The biggest exposure I routinely see with medical practices around the country is the lack of a well-developed commercial liability insurance “plan.” What I do see is a medical malpractice policy, a general liability insurance policy, and some workers’ compensation coverage. This leaves both the practice itself and its owners and executives personally exposed for a variety of risks that we will cover in detail this year. 

Gaps in coverage can be financially fatal and include inadequate specialty insurance in a variety of areas, including data breaches, employment law, regulatory, billing, and director’s and officer’s liability. Small riders on your base liability or medical malpractice polices with shared limits are often inadequate protection from these risks that surprise practice owners when a real claim arises. 

Again, working with an experienced, multi-line commercial insurance broker who has access a wide variety of carriers and understands and explains the coverage available is important.
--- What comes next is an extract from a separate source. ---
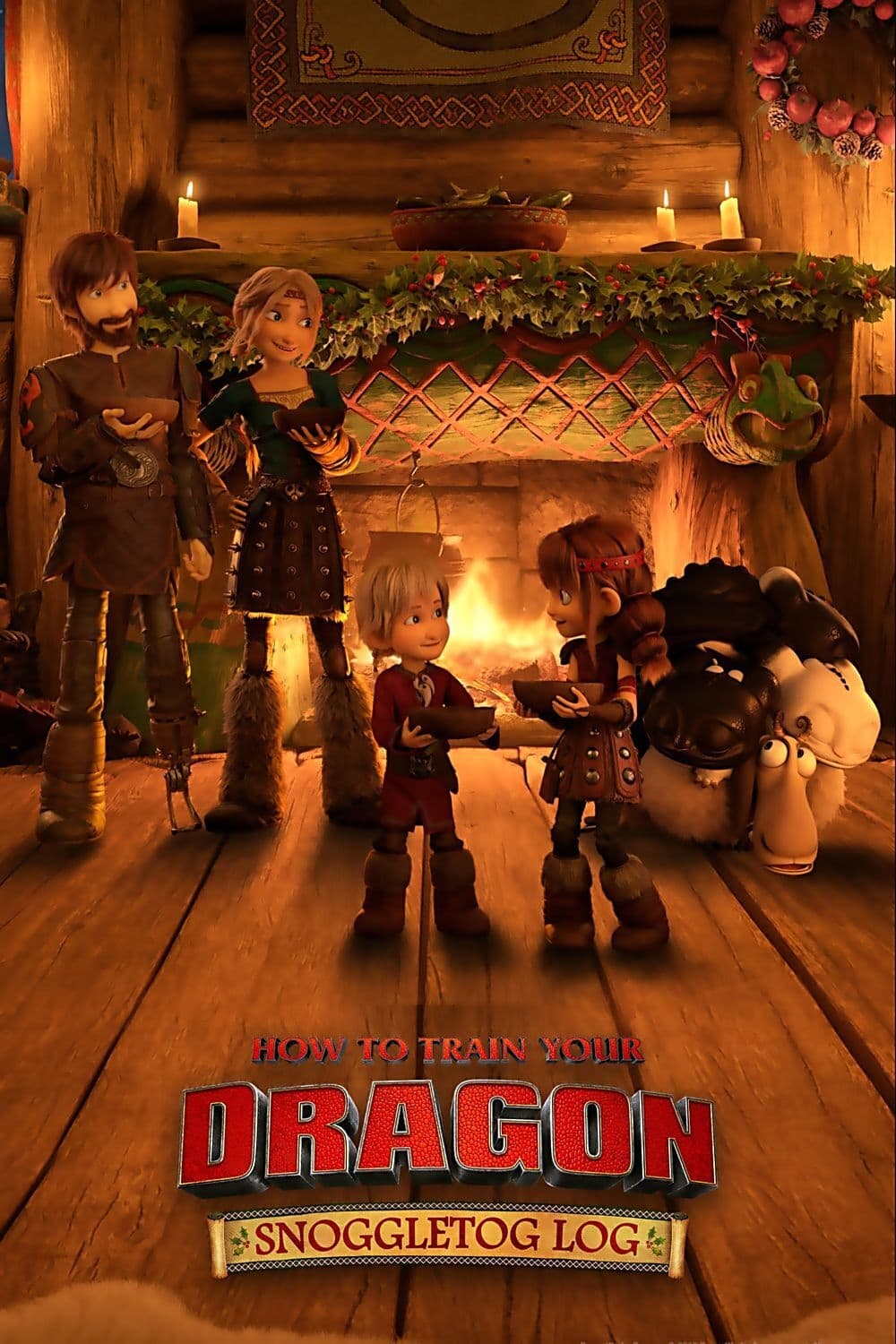 Locandina di How to Train Your Dragon: Snoggletog Log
This is not an area that should be bought purely on the basis of pricing. Gaps in coverage created by a "cheaper" policy can actually be the most expensive money a physician will ever save, as just the costs of legal defense, outside the cost of any award or loss itself, can easily be six figures. 
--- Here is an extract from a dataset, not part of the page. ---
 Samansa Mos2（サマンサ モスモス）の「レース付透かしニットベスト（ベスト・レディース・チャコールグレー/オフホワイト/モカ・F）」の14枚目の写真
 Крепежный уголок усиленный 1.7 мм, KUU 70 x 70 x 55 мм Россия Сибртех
Disability insurance-All three kinds 

Most doctors’ greatest asset is their ability to earn. As with the other insurance referenced above, the specifics of your disability matter and your coverage should be both sufficiently limited to your ability to practice your “own occupation” as you do now and adequate to cover your fixed personal overhead. Coverage beyond your personal disability insurance may be warranted to cover the loss of a high-producing partner or employee (key-person disability) as well as the fixed business overhead costs that may be jeopardized by loss of income after the disability of yourself or another (disability overhead expense). 

Legal structures

Determining which specific legal structures apply to your unique fact pattern requires individual diagnosis, but there are three general rules that should always be observed. 

  • Act now; the only time you can legally and effectively move assets into these structures is before you have an exposure. Doing so after the fact will fail and is typically regarded as fraud

  • Segregate your personal and professional assets so that they are distinct from you and from each other. Owning investment real estate in your own name so that it is exposed to personal and professional liability or having real estate in the same LLC as your medical practice itself are common mistakes that needlessly mix risk across separate assets. 
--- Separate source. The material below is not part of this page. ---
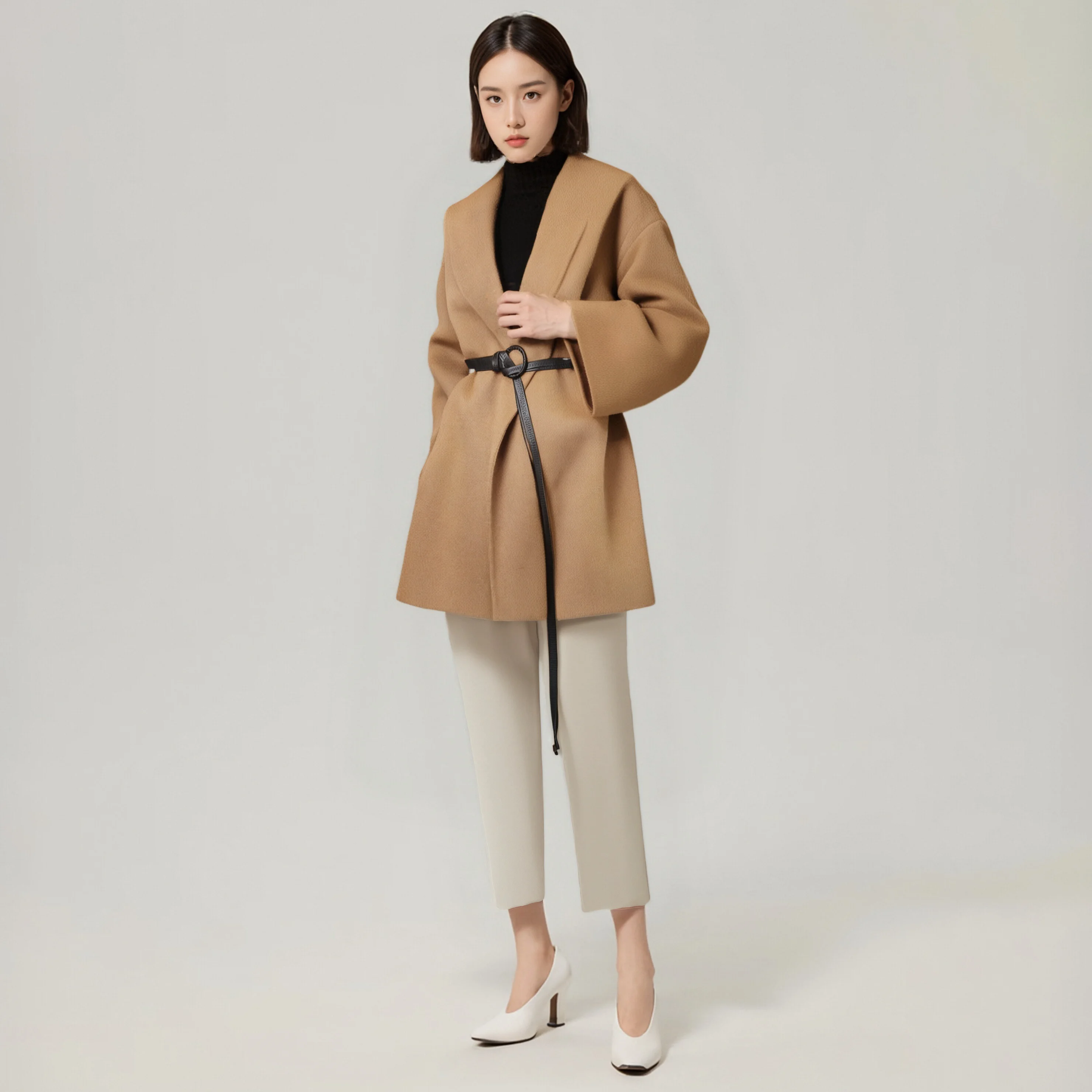 Eleganter und modischer Damen-Taillengürtel – verschiedene Farben, gewebtes Design, luxuriöser multifunktionaler Gürtel zum Binden, Ad – Detail 2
  • Properly structure entities with an operating agreement as opposed to just "recording" an LLC, formally fund them with title transfers, have legitimate business purpose, and maintain proper legal formalities, including tax ID numbers and separate bank accounts. 

Throughout 2019, we will explore asset protection in a variety of forms in greater detail, including predictable risks, available defenses, and those that continue to evolve, like the growing risk of personal security issues at medial practices. I look forward to your continued success this year.  

Attorney Ike Devji has practiced in the areas of asset protection, risk management, and wealth preservation law exclusively for the last 15 years. He helps protect a national client base with over $5 billion in personal assets that includes several thousand physicians and is a contributing author to multiple books for physicians and a frequent medical conference speaker and CME presenter.